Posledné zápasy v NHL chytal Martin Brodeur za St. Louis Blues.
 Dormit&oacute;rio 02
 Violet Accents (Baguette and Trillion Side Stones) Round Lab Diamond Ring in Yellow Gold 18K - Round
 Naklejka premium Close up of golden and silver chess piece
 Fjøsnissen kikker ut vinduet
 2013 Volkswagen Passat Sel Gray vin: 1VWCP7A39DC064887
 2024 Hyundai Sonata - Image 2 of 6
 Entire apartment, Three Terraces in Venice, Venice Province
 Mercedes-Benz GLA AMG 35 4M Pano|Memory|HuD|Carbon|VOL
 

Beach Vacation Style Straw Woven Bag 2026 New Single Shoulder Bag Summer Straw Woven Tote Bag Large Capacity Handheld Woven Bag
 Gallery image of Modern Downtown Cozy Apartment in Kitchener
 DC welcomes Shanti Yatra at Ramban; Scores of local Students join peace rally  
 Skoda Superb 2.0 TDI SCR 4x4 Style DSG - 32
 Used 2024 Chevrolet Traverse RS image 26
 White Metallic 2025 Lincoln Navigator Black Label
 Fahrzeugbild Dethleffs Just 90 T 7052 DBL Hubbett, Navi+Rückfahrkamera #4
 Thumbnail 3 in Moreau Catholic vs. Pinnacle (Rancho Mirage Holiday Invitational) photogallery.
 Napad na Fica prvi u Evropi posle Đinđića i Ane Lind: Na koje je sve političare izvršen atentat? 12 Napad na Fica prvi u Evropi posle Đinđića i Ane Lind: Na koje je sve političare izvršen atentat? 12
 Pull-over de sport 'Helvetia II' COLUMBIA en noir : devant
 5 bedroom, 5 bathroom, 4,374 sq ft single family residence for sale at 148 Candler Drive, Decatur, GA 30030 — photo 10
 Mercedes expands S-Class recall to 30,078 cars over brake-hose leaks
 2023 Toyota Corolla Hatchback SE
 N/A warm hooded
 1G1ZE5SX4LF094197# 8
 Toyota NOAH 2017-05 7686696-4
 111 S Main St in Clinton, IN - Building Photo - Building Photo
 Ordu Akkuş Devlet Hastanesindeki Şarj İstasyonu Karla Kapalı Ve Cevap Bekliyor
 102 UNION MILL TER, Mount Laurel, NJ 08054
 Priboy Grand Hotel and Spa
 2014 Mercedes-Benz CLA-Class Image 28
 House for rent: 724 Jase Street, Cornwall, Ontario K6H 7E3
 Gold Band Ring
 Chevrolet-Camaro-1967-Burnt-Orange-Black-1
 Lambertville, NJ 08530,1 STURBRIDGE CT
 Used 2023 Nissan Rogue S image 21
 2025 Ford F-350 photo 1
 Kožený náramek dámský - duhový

**Prompt**.
Retype the entries exactly from the first line, stopping after the line with "Mercedes-Benz GLA AMG".

**Result below**.
Posledné zápasy v NHL chytal Martin Brodeur za St. Louis Blues.
 Dormit&oacute;rio 02
 Violet Accents (Baguette and Trillion Side Stones) Round Lab Diamond Ring in Yellow Gold 18K - Round
 Naklejka premium Close up of golden and silver chess piece
 Fjøsnissen kikker ut vinduet
 2013 Volkswagen Passat Sel Gray vin: 1VWCP7A39DC064887
 2024 Hyundai Sonata - Image 2 of 6
 Entire apartment, Three Terraces in Venice, Venice Province
 Mercedes-Benz GLA AMG 35 4M Pano|Memory|HuD|Carbon|VOL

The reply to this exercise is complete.